Pour NewGrange (Boyne Valley, Irlande), vaste tumulus à couloir datant de 3200 BCE, l’orientation solaire de la chambre (lumière au solstice d’hiver) trahit une programmation cosmique d’origine. Des recherches détaillées ont mis en évidence de la céramique campaniforme dans et autour du monument (notamment près des monuments de bois), ce qui soutient l’idée d’une réoccupation plutôt que d’une simple continuité. Ici encore : un lieu néolithique à forte charge symbolique repris des siècles plus tard par des groupes qui lui donnent une place funéraire/rituelle à leur manière.


Si l’on suit ce fil, il devient clair que la réutilisation de sites anciens n’est pas un phénomène isolé. Il n’est d’ailleurs pas non plus exclusif à la culture campaniforme. Bien plus tard, les Anglo-Saxons puis les chrétiens ont eux aussi repris à leur compte ces lieux de pierre, soit pour y installer leurs propres monuments, soit pour y ériger des croix ou bâtir des églises. Ce geste, parfois volontairement symbolique, permettait d’inscrire leur présence dans la continuité – ou dans la rupture – avec ce qui avait précédé. Un ancien cercle de pierres devenait un cimetière paroissial, un tertre pouvait accueillir une chapelle, et des pierres dressées se voyaient gravées de croix pour marquer leur christianisation. Ainsi, l’histoire de ces monuments n’est pas figée : elle est une suite de réappropriations, où chaque époque projette ses propres croyances sur des pierres déjà chargées de mémoire.


En fin de compte, se demander si certains sites mégalithiques étaient à l’origine autre chose que des tombes ou sites funéraires, c’est aussi interroger notre manière d’écrire l’histoire. Les cultures néolithiques ont pu voir dans ces lieux des espaces cérémoniels, astronomiques ou symboliques, avant que d’autres – campaniformes, anglo-saxons, chrétiens – n’y inscrivent leurs propres usages, funéraires ou religieux. Chaque couche d’occupation raconte un nouveau chapitre, mais l’ensemble forme un récit continu, où les pierres servent de lien entre des mondes disparus et nos imaginaires d’aujourd’hui. Et si ces monuments nous parlent encore, c’est peut-être parce qu’ils portent en eux la mémoire de toutes ces vies, croyances et réinventions qui les ont façonnés.

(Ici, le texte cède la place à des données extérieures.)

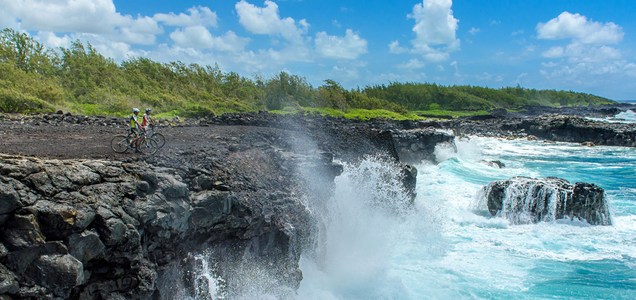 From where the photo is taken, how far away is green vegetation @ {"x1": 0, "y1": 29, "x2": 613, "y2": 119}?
109ft

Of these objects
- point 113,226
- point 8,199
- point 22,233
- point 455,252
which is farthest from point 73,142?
point 455,252

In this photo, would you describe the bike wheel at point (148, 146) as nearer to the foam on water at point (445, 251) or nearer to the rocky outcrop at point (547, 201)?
the foam on water at point (445, 251)

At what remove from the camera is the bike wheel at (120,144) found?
1317 cm

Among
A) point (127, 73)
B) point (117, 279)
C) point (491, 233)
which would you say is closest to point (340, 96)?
point (127, 73)

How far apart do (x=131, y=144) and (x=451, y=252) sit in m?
11.9

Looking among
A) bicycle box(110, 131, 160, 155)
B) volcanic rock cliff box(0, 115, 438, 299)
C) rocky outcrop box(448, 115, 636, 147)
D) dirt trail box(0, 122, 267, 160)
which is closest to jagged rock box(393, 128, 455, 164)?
rocky outcrop box(448, 115, 636, 147)

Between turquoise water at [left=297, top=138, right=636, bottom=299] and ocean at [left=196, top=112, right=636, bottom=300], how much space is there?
3 cm

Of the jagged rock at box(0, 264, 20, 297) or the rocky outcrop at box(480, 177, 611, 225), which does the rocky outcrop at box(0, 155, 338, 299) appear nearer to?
the jagged rock at box(0, 264, 20, 297)

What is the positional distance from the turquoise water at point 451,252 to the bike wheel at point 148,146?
541cm

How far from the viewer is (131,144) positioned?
43.3 ft

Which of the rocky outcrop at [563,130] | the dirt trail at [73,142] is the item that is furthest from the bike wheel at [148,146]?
the rocky outcrop at [563,130]

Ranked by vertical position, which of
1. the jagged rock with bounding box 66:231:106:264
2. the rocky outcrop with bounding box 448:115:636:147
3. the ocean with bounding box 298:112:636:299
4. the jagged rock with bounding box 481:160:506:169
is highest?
the jagged rock with bounding box 66:231:106:264

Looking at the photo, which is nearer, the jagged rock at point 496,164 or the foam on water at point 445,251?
the foam on water at point 445,251

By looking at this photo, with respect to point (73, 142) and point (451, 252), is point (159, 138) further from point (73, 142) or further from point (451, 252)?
point (451, 252) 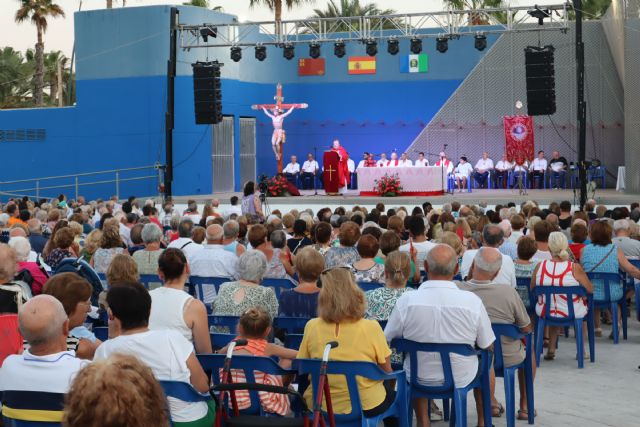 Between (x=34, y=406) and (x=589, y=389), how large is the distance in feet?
15.3

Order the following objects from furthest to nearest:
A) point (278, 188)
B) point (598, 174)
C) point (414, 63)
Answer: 1. point (414, 63)
2. point (598, 174)
3. point (278, 188)

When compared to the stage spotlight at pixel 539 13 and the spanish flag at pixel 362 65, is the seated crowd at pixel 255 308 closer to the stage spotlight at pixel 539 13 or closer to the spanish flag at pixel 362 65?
the stage spotlight at pixel 539 13

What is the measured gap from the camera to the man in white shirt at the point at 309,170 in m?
28.8

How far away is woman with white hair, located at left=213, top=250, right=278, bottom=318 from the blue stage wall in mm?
21657

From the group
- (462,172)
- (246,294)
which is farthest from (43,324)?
(462,172)

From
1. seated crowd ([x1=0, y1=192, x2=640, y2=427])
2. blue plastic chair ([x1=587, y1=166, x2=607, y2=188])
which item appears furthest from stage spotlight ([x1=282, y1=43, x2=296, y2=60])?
seated crowd ([x1=0, y1=192, x2=640, y2=427])

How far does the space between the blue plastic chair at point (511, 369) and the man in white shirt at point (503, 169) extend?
71.4 feet

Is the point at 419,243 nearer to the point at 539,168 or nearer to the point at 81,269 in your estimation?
the point at 81,269

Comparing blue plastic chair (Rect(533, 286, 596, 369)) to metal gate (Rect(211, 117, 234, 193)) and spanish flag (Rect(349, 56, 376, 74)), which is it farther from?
spanish flag (Rect(349, 56, 376, 74))

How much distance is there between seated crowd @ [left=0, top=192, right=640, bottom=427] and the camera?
12.9 ft

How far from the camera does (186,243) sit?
9.30 m

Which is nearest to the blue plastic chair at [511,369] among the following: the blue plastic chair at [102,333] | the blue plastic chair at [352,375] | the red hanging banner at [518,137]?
the blue plastic chair at [352,375]

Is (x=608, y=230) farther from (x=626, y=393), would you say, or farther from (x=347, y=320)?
(x=347, y=320)

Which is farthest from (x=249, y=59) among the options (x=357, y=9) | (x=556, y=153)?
(x=357, y=9)
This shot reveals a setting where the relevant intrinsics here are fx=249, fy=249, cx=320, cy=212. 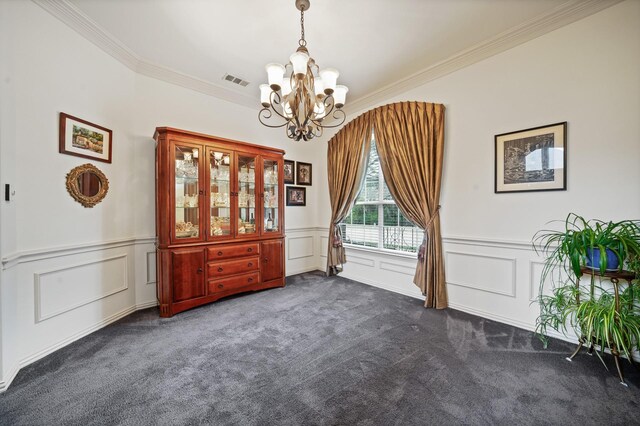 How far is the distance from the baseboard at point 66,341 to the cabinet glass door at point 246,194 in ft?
4.84

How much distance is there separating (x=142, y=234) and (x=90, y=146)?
110 cm

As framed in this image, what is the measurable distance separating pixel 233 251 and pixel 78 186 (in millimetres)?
1689

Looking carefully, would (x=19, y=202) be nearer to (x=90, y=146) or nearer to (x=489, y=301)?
(x=90, y=146)

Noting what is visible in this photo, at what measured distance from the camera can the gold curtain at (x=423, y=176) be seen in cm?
307

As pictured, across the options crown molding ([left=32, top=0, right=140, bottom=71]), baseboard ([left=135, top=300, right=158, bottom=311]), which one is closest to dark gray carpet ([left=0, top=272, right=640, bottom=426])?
baseboard ([left=135, top=300, right=158, bottom=311])

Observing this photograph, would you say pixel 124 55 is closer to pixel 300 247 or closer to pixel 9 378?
pixel 9 378

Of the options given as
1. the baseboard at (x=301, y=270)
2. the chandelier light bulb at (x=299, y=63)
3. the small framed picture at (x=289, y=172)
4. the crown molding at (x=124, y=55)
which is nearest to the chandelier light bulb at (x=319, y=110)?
the chandelier light bulb at (x=299, y=63)

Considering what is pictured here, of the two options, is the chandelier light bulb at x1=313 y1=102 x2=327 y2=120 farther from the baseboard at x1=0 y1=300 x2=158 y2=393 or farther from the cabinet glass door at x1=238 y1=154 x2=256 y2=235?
the baseboard at x1=0 y1=300 x2=158 y2=393

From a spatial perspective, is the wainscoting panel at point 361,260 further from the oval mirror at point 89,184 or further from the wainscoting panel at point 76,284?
the oval mirror at point 89,184

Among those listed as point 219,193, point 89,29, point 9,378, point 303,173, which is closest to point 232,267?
point 219,193

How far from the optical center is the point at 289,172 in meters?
4.46

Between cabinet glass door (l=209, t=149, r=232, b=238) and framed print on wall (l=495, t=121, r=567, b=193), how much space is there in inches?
127

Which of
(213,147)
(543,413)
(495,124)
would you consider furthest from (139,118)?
(543,413)

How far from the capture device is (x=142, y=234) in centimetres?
307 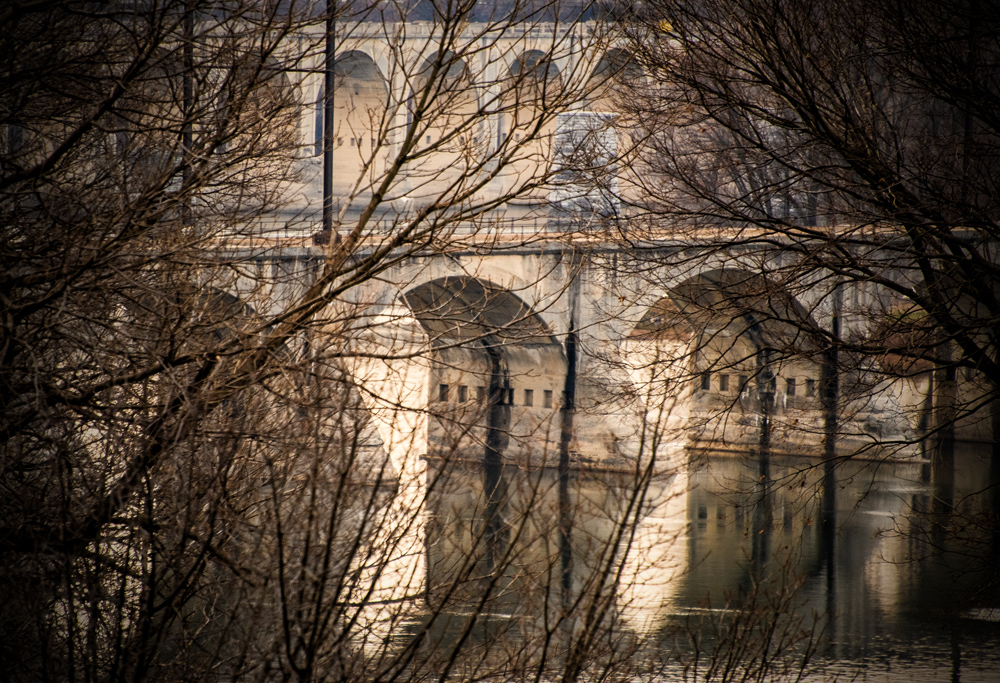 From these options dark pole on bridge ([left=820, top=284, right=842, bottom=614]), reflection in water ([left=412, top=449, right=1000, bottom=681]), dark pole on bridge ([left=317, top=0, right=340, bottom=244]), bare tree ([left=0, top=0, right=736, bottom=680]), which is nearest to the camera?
bare tree ([left=0, top=0, right=736, bottom=680])

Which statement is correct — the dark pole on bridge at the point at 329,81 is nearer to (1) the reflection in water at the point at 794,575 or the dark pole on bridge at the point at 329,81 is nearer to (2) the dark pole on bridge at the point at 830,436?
(1) the reflection in water at the point at 794,575

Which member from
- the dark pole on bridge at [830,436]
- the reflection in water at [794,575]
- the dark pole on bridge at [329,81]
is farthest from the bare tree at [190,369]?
the dark pole on bridge at [830,436]

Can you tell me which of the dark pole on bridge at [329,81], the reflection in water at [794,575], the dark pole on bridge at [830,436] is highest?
the dark pole on bridge at [329,81]

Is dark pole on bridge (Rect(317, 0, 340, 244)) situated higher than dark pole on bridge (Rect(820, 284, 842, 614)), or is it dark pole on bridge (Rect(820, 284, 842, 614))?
dark pole on bridge (Rect(317, 0, 340, 244))

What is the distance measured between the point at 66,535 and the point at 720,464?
21719 millimetres

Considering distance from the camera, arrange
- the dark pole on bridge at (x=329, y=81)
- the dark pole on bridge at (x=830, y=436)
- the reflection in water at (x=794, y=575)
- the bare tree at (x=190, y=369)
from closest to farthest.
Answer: the bare tree at (x=190, y=369), the dark pole on bridge at (x=329, y=81), the dark pole on bridge at (x=830, y=436), the reflection in water at (x=794, y=575)

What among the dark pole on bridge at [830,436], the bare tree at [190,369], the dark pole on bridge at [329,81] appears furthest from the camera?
the dark pole on bridge at [830,436]

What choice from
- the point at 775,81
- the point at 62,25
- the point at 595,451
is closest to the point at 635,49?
the point at 775,81

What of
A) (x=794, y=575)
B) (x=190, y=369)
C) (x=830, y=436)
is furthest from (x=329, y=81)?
(x=794, y=575)

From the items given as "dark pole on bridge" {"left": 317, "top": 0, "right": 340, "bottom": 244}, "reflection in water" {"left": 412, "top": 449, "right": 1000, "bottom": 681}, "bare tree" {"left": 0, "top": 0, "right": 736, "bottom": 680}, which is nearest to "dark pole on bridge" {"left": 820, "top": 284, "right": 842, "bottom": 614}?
"reflection in water" {"left": 412, "top": 449, "right": 1000, "bottom": 681}

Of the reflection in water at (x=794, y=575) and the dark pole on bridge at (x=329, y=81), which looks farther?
the reflection in water at (x=794, y=575)

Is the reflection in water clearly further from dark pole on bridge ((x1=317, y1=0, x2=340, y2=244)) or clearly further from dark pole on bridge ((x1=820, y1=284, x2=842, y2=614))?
dark pole on bridge ((x1=317, y1=0, x2=340, y2=244))

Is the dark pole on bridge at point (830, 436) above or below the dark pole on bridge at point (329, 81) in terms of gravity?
below

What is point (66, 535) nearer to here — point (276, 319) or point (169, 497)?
point (169, 497) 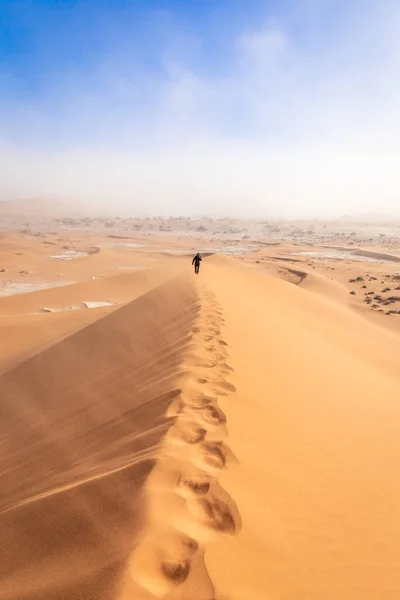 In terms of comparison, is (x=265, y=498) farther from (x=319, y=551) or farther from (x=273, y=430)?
(x=273, y=430)

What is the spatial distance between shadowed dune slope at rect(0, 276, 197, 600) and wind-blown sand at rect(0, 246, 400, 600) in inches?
0.5

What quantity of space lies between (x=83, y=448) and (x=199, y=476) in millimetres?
1726

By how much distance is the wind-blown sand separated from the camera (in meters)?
1.77

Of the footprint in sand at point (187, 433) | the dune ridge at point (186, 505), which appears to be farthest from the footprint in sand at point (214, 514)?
the footprint in sand at point (187, 433)

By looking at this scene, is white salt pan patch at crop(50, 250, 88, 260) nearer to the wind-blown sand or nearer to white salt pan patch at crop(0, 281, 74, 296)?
white salt pan patch at crop(0, 281, 74, 296)

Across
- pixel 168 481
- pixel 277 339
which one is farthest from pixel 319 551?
Answer: pixel 277 339

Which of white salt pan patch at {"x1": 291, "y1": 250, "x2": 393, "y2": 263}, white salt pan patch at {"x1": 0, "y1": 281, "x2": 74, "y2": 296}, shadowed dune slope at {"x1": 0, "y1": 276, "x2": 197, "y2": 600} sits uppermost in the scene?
shadowed dune slope at {"x1": 0, "y1": 276, "x2": 197, "y2": 600}

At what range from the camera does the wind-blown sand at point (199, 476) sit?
1772 mm

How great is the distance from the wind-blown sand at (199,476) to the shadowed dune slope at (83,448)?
0.01m

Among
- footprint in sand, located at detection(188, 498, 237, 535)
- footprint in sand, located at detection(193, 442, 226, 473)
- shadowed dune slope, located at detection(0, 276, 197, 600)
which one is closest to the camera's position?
shadowed dune slope, located at detection(0, 276, 197, 600)

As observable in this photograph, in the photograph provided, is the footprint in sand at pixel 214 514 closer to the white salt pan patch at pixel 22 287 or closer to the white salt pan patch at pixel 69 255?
the white salt pan patch at pixel 22 287

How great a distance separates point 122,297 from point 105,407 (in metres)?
14.8

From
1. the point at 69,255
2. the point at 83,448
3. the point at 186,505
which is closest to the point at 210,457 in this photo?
the point at 186,505

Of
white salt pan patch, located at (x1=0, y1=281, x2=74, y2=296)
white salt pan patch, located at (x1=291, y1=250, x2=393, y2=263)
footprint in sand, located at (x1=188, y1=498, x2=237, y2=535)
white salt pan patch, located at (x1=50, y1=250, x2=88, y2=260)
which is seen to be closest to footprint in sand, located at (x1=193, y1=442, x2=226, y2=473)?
footprint in sand, located at (x1=188, y1=498, x2=237, y2=535) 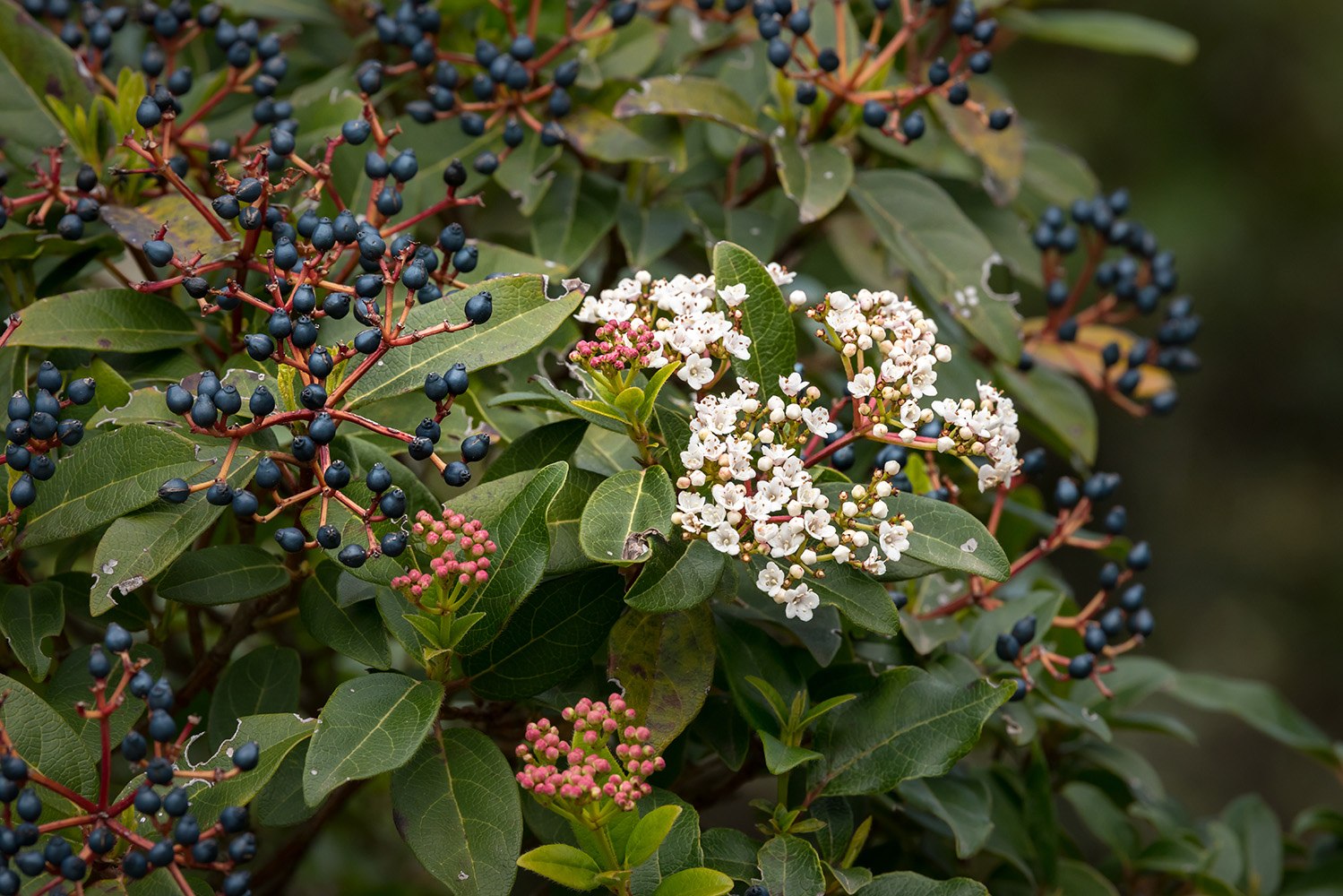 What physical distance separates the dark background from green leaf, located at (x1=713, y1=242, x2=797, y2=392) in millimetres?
5524

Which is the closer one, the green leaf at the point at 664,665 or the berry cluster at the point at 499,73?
the green leaf at the point at 664,665

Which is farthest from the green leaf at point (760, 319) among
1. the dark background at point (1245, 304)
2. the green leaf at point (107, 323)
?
the dark background at point (1245, 304)

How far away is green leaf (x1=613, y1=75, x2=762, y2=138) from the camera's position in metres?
2.08

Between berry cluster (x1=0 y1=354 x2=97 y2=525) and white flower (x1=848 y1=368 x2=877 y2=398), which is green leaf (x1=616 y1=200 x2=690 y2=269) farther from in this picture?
berry cluster (x1=0 y1=354 x2=97 y2=525)

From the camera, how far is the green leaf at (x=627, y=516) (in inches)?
55.3

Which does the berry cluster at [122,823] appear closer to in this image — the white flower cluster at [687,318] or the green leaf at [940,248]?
the white flower cluster at [687,318]

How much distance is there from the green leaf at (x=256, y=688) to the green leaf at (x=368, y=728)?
0.27m

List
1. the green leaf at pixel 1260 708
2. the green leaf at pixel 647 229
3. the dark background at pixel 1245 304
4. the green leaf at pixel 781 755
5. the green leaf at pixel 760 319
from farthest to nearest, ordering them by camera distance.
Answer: the dark background at pixel 1245 304 → the green leaf at pixel 1260 708 → the green leaf at pixel 647 229 → the green leaf at pixel 760 319 → the green leaf at pixel 781 755

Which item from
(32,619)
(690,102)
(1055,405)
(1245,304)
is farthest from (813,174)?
(1245,304)

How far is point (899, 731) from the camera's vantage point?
1609 millimetres

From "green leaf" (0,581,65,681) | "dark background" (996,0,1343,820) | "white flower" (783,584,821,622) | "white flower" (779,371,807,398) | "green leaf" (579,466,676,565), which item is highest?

Alors est-ce que ces sites mégalithiques étaient des lieux funéraires dès leur origine ? Ou bien ont-ils été détournés de leur but premier ? Honnêtement je n’ai pas la réponse, mais est-elle seulement importante ? J’aime penser que les chants que renferment ces pierres sont plus intéressants qu’une quelconque finalité, qui de toute façon, nous échappera toujours. Une seule certitude m’habite : ces monuments mégalithiques sont des seuils, des ponts. Des éclats de liminalité incarnés dans la roche qui permettent de relier le monde des vivants, à celui des défunts ; le monde des humains, à ceux des esprits, la voûte céleste, aux profondeurs de la terre.